What is unique about our situation at the University of Hawai’i is we that we require different filters for different kinds of users. For instance, there is a specific level of restricted access for students, which eagerly abides by CIPA regulations. On the other hand, the faculty needs more liberal Internet access for carrying out their research and other purposes. For them, basic policies that protect against harmful content over the Internet suffice.
We had worked with other Internet security vendors in the past, but they didn’t understand the education market. They had very poor customer service and weren’t willing to make changes to their systems or accommodate our feature requests.
On the other hand, Cyberoam – our vendor for this project – understood that a “one-size-fits-all” approach to filtering web content simply wouldn’t work for us at the University of Hawai’i-CRDG. We decided to deploy two (2) CR 2500iNG in Gateway Mode to create our filtered, private network. The appliance was easily installed to customize content filtering by using identity to create policies. This was in accordance with the University’s belief in adjustable, granular filtering by grade level as well as separate filters for faculty and staff. One application that my team found helpful is the YouTube Education Filter, which distinguishes between the YouTube for Education traffic and other YouTube traffic.

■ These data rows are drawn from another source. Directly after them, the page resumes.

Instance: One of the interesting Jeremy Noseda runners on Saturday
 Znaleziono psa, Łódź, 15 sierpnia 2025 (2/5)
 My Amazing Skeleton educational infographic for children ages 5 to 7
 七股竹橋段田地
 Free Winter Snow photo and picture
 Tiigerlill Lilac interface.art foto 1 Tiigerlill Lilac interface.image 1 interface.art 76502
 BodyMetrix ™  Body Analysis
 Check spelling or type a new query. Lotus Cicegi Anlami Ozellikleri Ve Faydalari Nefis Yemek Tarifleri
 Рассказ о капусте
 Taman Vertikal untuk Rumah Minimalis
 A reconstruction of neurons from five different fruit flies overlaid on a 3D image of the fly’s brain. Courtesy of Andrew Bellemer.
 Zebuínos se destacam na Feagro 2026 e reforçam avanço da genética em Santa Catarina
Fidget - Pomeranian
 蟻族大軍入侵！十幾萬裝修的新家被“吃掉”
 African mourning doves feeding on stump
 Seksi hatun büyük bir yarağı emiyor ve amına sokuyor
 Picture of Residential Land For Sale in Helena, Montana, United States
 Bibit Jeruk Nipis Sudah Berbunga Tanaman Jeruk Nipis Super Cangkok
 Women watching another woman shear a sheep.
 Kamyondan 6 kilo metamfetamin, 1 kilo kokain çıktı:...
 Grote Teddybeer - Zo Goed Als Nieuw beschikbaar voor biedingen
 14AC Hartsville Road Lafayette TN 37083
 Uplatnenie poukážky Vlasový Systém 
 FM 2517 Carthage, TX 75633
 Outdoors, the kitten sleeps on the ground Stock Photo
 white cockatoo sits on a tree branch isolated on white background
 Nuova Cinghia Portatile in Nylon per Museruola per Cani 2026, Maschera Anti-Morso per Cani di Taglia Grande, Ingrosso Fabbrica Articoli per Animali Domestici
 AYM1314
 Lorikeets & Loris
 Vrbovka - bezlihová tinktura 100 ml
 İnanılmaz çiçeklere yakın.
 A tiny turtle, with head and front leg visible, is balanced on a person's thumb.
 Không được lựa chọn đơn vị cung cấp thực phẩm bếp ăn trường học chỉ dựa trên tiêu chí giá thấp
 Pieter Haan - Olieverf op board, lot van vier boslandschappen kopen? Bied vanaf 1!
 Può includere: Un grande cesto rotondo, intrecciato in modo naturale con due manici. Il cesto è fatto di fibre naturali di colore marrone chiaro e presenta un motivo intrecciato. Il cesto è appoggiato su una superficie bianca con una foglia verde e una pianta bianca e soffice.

The Web Filter we chose to use is one of the most comprehensive URL databases with millions of URLs grouped into 82+ categories. It blocks access to harmful websites, preventing malware, phishing and pharming attacks in addition to undesirable content that could lead to legal liability and direct financial losses. The Application Visibility & Control with Layer 7 policies and reporting prevents data leakage and sophisticated application-layer threats, such as botnets. This feature supports business applications, secure collaboration, Cloud and SaaS deployments with Layer 7 and Layer 8 identity-based policies.
Our new, unique identity-based security gives real-time visibility into the online activity of students based on their usernames rather than IP Addresses, which gives my team insight into who is doing what in the network. All sites blocked under CIPA will be shown in the reports under blocked sites together with the user name, so all potential violators can be spotted and reformative action can be taken to foster a secure and better online community.
No other security solution provides CIPA compliance in a single click. With our chosen solution, however, the administrator just has to enable the CIPA Compliance check box and the objectionable content for children is safely blocked. In other solutions, it entails multiple clicks and in turn, it becomes tedious for the administrator to individually act on each inappropriate category.
One issue we had is that the University uses Apple’s Open Directory (OD) to store and organize information about our networks’ users. At the time, Cyberoam did not have previous experience in working with Apple’s OD Architecture. However, they were able to work with Apple engineers to figure out how the appliance needed to communicate with OD. The company’s co-operation and flexibility in catering to our needs was commendable, and the continuous, on-time and efficient support was unprecedented.
When it comes to reporting, the sophisticated On-Appliance Monitoring and Reporting mechanism help me and my team perform timely and accurate assessment of all network activity in the entire CRDG department.
Mark Yap is the IT Manager of the Curriculum Research & Development Group (CRDG) at the University of Hawai’i at Mānoa.